The timing of the draft created a conflict for those with Olympic aspirations. The first women’s team represented the U.S. at the 1976 Olympics just two years prior. That team’s success made much of the nation’s top talent want to compete in the upcoming 1980 Olympics (which the U.S. would eventually boycott). However, joining a professional league would disqualify them from participating.

Some players, such as Gwyn, felt that establishing a professional league for women carried just as much weight as competing for a medal. “Pro ball is just as important as the Olympics,” Gwyn proclaimed.

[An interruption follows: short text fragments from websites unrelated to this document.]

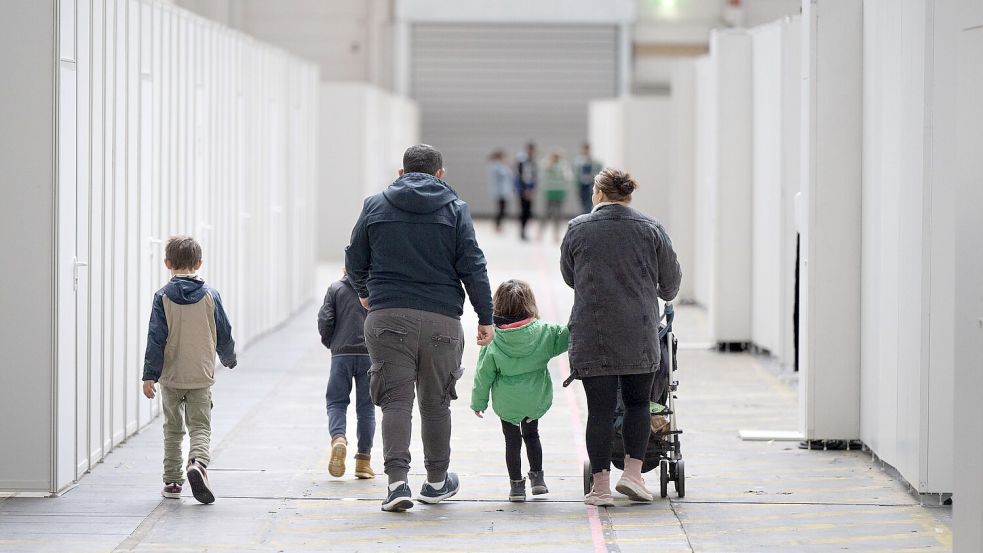 Der Familiennachzug umfasst Ehepartner und minderjährige Kinder. Unbegleitete Minderjährige können ihre Eltern nachholen. (Symbolbild) Foto: Boris Roessler/dpa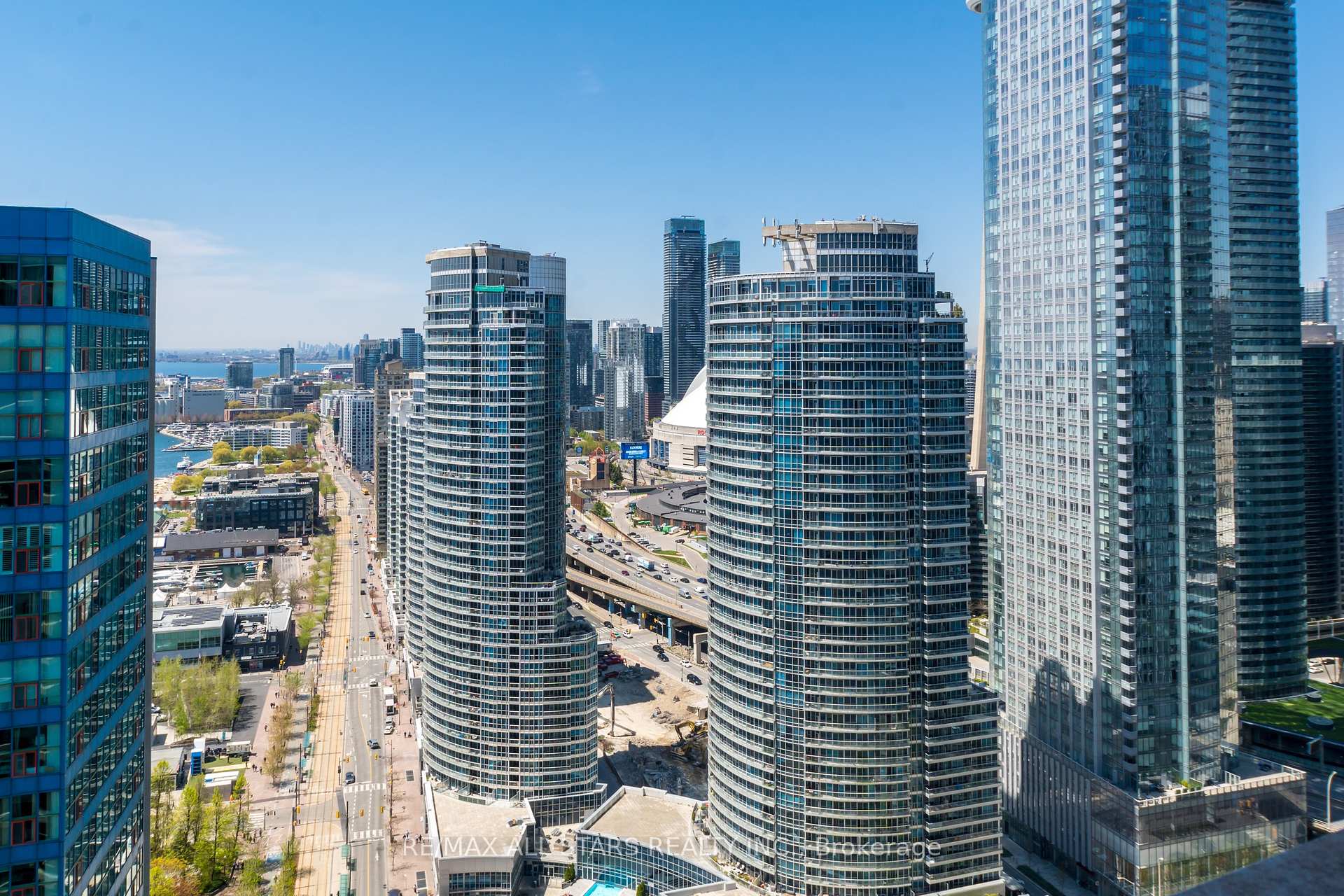 1 Bedroom Condo at 55 Harbour, Toronto For sale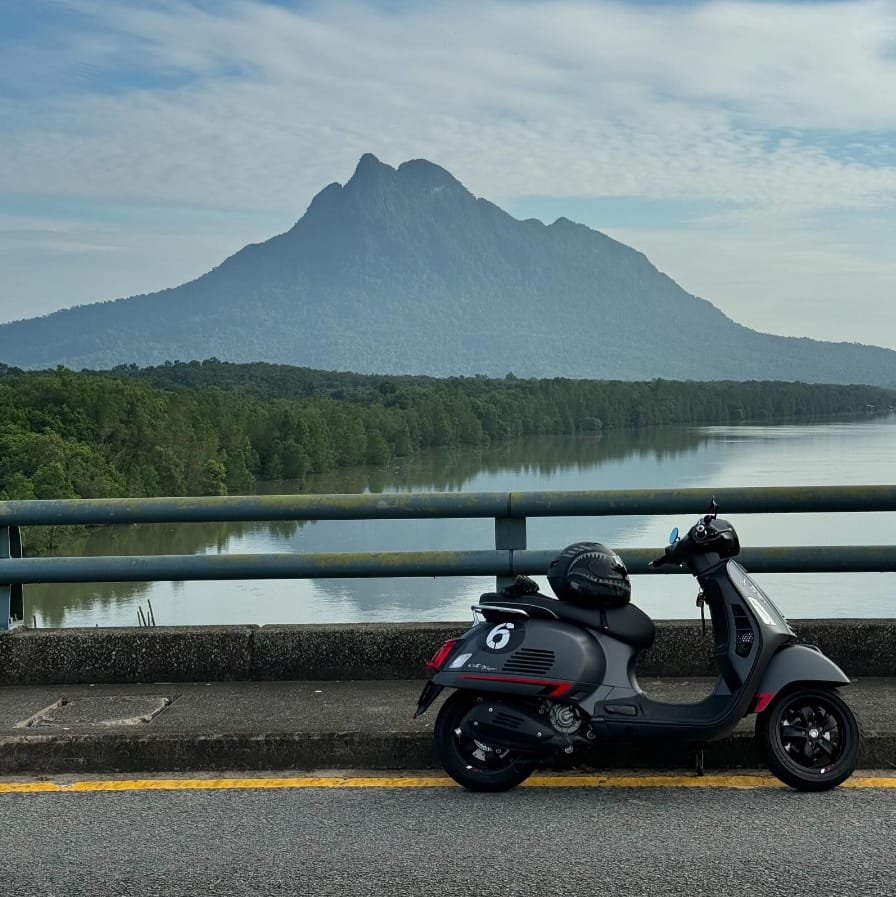 tarikan gunung santubong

As members of the national team, Meyers and Blazejowski felt differently. At the time of the WBL draft, the national team was on tour playing a series of exhibition games in Bulgaria. The national team coach, Maureen Wendelken, said on Blazejowski’s behalf, “She has no intention of signing with the pro league and she’s stated that all year. She plans to play in the Olympics. This is one of her dreams and her goals. That’s what she wants, and I agree with her. After the Olympics the [WBL] will be two years old and stronger. The money and the demand for her will be there in two years.”

The WBL was still around two years later and Blazejowski did play one year with the Gems, but the financial component started on shaky footing and never really stabilized.

To convince players to upend their existing plans, the league needed to offer reasonable salaries, a big ask for a new and trailblazing league.

Harris was one year removed from her tenure at Delta State and working as an administrator at the school when Houston drafted her. Following the draft, Harris implied that, for her to put in the hard work required of pro ball, the team needed to beat her administrative salary. As she put it to The New York Times, “I know the women won’t play for nothing. I make that, sitting [at a desk].”

Upon learning that 29 free agents had signed before the draft for only $3,000 to $5,000 per year, Harris declared, “I wouldn’t even consider playing for that salary.”

Draftees wound up signing for between $3,000 and $12,000, which in today’s dollars is about $14,000 to $56,000. Team owners had bought into the league for a fee of just $50,000 (about $235,000 today) and didn’t necessarily have the deep pockets to pay players more.

Karen Logan, who was a player and coach for the Chicago Hustle while also working for the league as an advisor and promoter, knew the WBL needed stronger investments to succeed. Early in the league’s first season, Logan told The Washington Post, “If a league can’t pay decent wages, it shouldn’t exist.” Even today, as the WNBA looks to expand, prospective ownership groups need thorough vetting to ensure they’re willing and able to provide the proper resources.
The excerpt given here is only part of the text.